Task brief
Please retype the records below exactly, leaving out any pictures.

(Pictures with short captions)
Start of Block

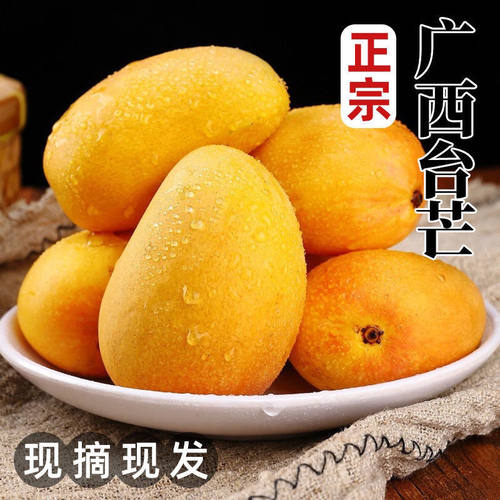 【台农芒】正宗广西百色小台农芒10斤纸箱装现摘现发芒果产地直发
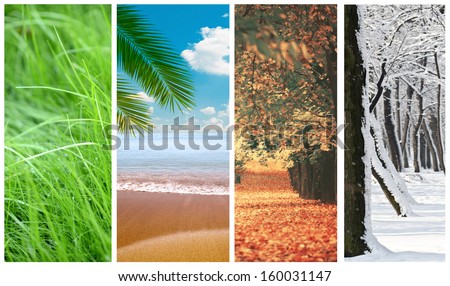 Four seasons collage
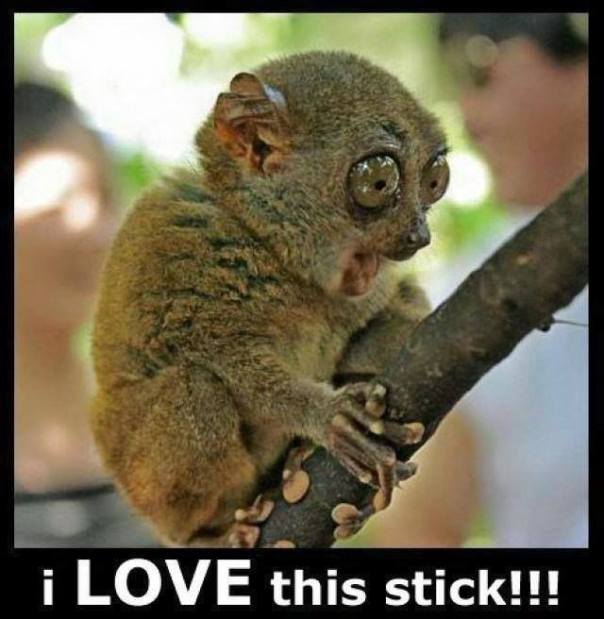 10906218_10155508992585153_6198056246850885464_n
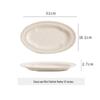 Drui-en 12-inch Oval Ceramic Fish & Dinner Plate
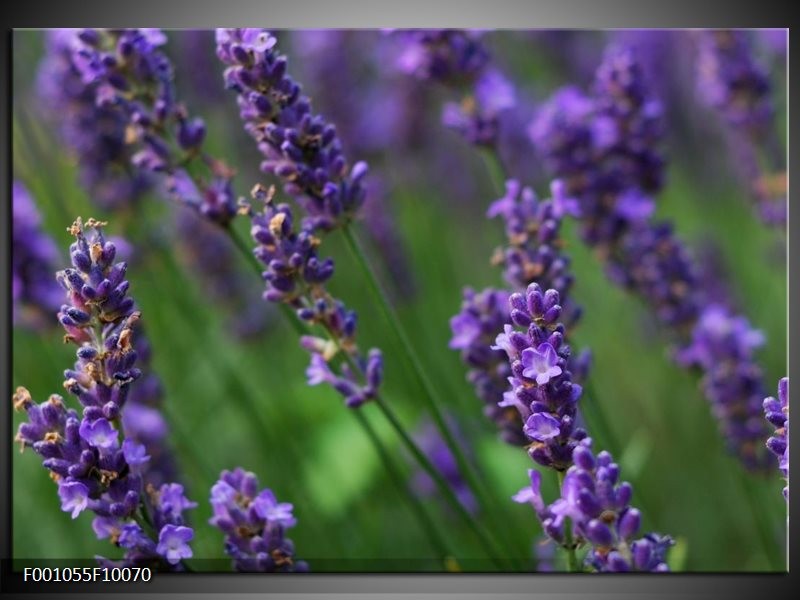 Foto canvas schilderij Lavendel | Blauw, Zwart, Groen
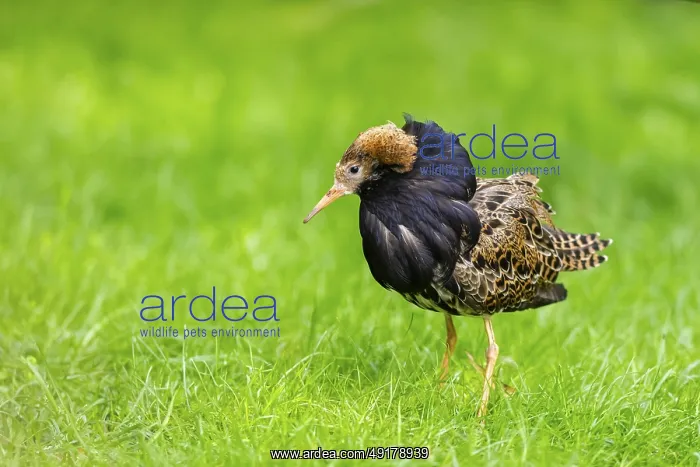: Ruff (Calidris pugnax) male standing on a meadow : Ruff (Calidris pugnax) male standing on a meadow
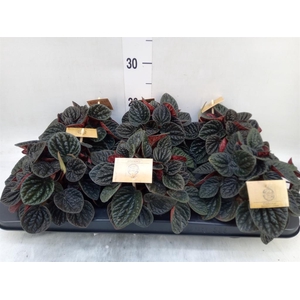 Peperomia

End of Block

Your solution
 【台农芒】正宗广西百色小台农芒10斤纸箱装现摘现发芒果产地直发
 Four seasons collage
 10906218_10155508992585153_6198056246850885464_n
 Drui-en 12-inch Oval Ceramic Fish & Dinner Plate
 Foto canvas schilderij Lavendel | Blauw, Zwart, Groen
: Ruff (Calidris pugnax) male standing on a meadow : Ruff (Calidris pugnax) male standing on a meadow
 Peperomia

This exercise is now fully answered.